Liz’s Weekly Poetry Series: Participation
I have a lot of respect for Joshua Clover. He has made the choice to risk what too many American poets timidly avoid—participation:
In some ways, Clover, a California native with two volumes of poetry to his name, is reminiscent of poets like the Soviet Union’s Joseph Brodsky or Chile’s Pablo Neruda, for whom the life of the poet was inherently political. At the very least, they were not hidden away in MFA programs, but engaged with the real world and its all-too-real problems. While the American poet is often shy, poets in other parts of the world have had to be bold.
I consider any intersection between politics and poetry to be fascinating, so naturally Clover’s participation in OWS direct action got my attention.

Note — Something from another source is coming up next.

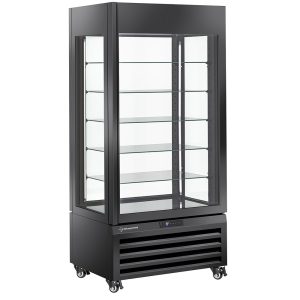 Volledig glazen vitrine" 600 Lt., 5 glazen niveaus, geventileerd - CHOCOLADE - ZWART
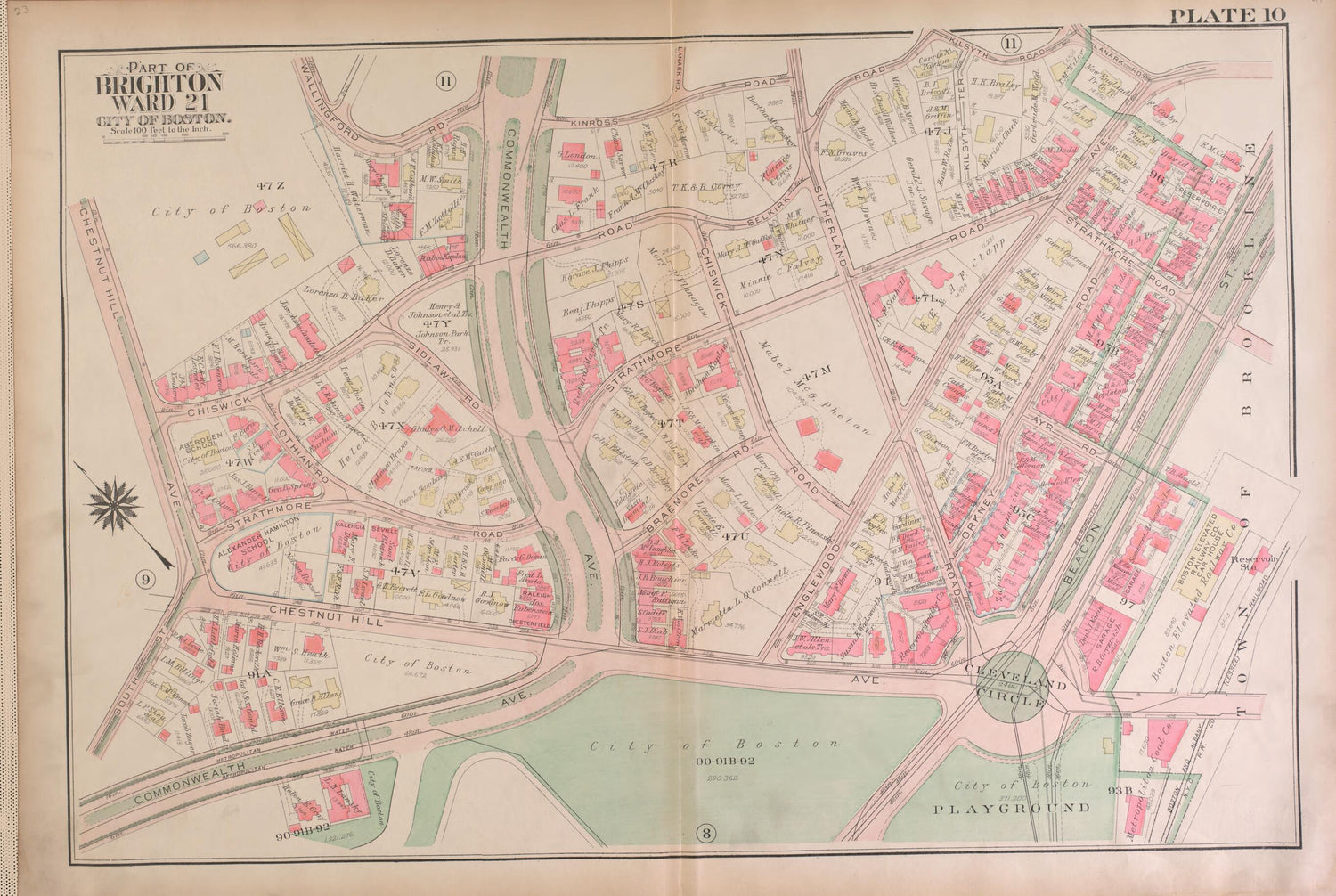 This old map of Part of Brighton, Ward 21 - Plate 10 from Atlas of the City of Boston, Brighton from 1925 was created by  G.W. Bromley &amp; Co in 1925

From this Harriet piece by Mathew Timmons, I found this wonderful collaborative statement written by Joshua Clover and Juliana Spahr:
And we would like to say that we think poets have been very involved in politics this last year or three, and we believe they have been involved and committed in part because they are poets but that doesn’t mean they have been involved only as poets. And this distinction seems crucial right now. It may be that the present situation asks us to give a lot of our time to other matters, and we write less poetry in this case, and that is the answer adequate to politics. But this is still what we do as people who write poetry — we are not renouncing this desire that is poetry by recognizing that politics sometimes wants other things of us. And it may be that we feel the need to engage the present situation with poems — that, again, does not make us more or less people who write poems. Maybe we are saying something as improbable as it is simple: that being a poet, if it is to be in any way meaningful, doesn’t mean being a person who engages the world through poems. It means being a person who is in the world and for whom writing poems is one possibility in trying to figure out what is needed. It means recognizing the political as the case, as the situation, before we have been captured by the question that begins, “As poets….” We ask first: what does the situation need to help it along? Poems are neither the answer nor not.

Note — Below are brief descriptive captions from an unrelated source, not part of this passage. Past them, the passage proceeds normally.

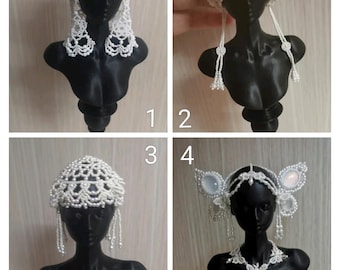 1/6 Scale Miniature Beads&Pearls Crochet Bonnet/Hat/Headwear /Crochet Art for Fashion Doll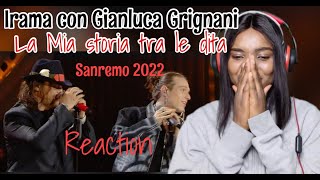 Irama con Gianluca Grignani “𝐋𝐚 𝐌𝐢𝐚 𝐬𝐭𝐨𝐫𝐢𝐞𝐬 𝐭𝐫𝐚 𝐥𝐞 𝐝𝐢𝐭𝐚”Sanremo 2022 REACTION [upl. by Llednek]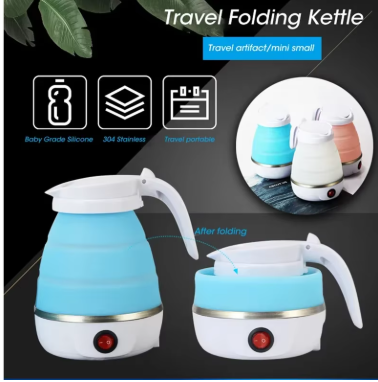 600ML Foldable Electric Travel Kettle – Portable Fast Heating Water Boiler, Collapsible Mini Tea Maker for Home, Hotel & Camping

For a sample of neither the answer nor not, this week’s poem comes from Clover’s the totality for kids (2005, University of California Press) enjoy!:
BENEATH THE ABSTRACT LIVES THE EPHEMERAL
You cannot remember whether, at this
Corner, years before, you turned left or right.
Inside this immanent sigh, a city
Under the sign of the Ferris wheel,
The bullet-pocked clock tower. A city
Upflung from notes sprawled in the cool
Margins of the ghostly, the great cities.
City about nothing at all: it will not
Speak of me or others, of love or youth
Or anything else. And the city called
The Antipast toward which you travel
And travel, where rain is falling across
A grammar of skyline, rain is filling
The April air with silver quotation marks.